Let me finish with Karl Rove’s nasty swing at Hillary Clinton this morning in his Wall Street Journal column.
He said her run for the White House is a case of “personal political ambition.”
When did having ambition become a disqualifier? More to the point, when did he become an attack line in partisan campaigning?
I know. You know. Karl Rove knows that personal ambition is what fuels politics. We don’t go out and pick candidates for office; they pick themselves. That’s the way it was in high school, in college.
Whenever there’s been an election in our lives, the ambitious come forward, put their names on the ballot and campaign for the job. We don’t pick our candidates; they pick themselves. Our job is to choose among those who’ve decided to put themselves out there.
The question people should be asking right now is not whether Hillary Clinton is ambitious, but is she ambitious enough – enough to fight another grueling, nearly two-year campaign for president?
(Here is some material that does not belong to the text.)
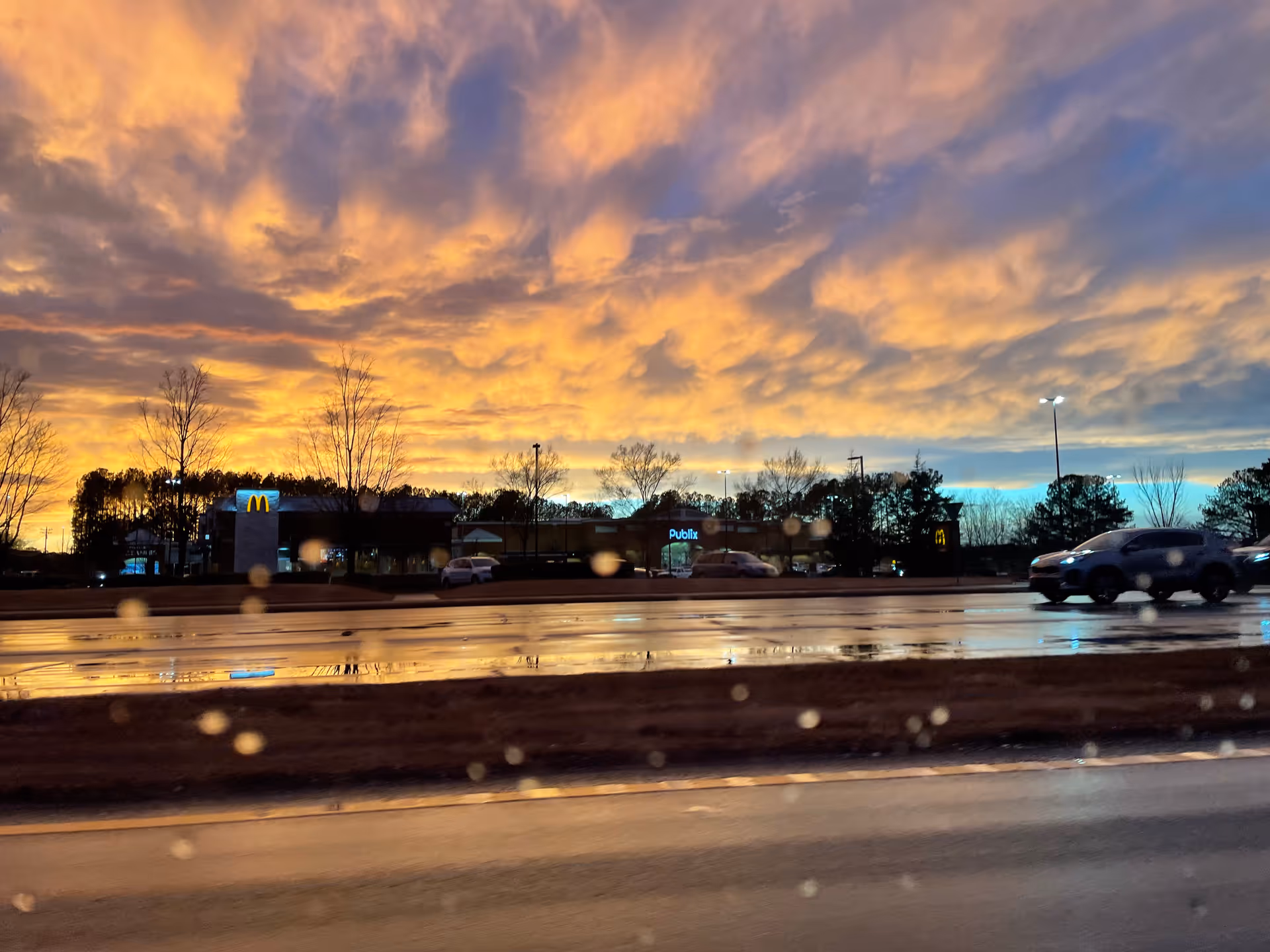 Sunset sky over a strip mall, with McDonald's and Publix across a wet road.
Let’s hope she is. Politics in our system is based on people having ambition for high office. Lincoln, the Roosevelts, Kennedy, Reagan, all had personal ambition. So do the great body of the United States Congress. And, for most, it didn’t start evidencing itself when their names began showing up in newspapers. It began way back in student and campus politics.
Mitch McConnell put it best the morning following the 2014 election. He said: “I have a caucus of class presidents.”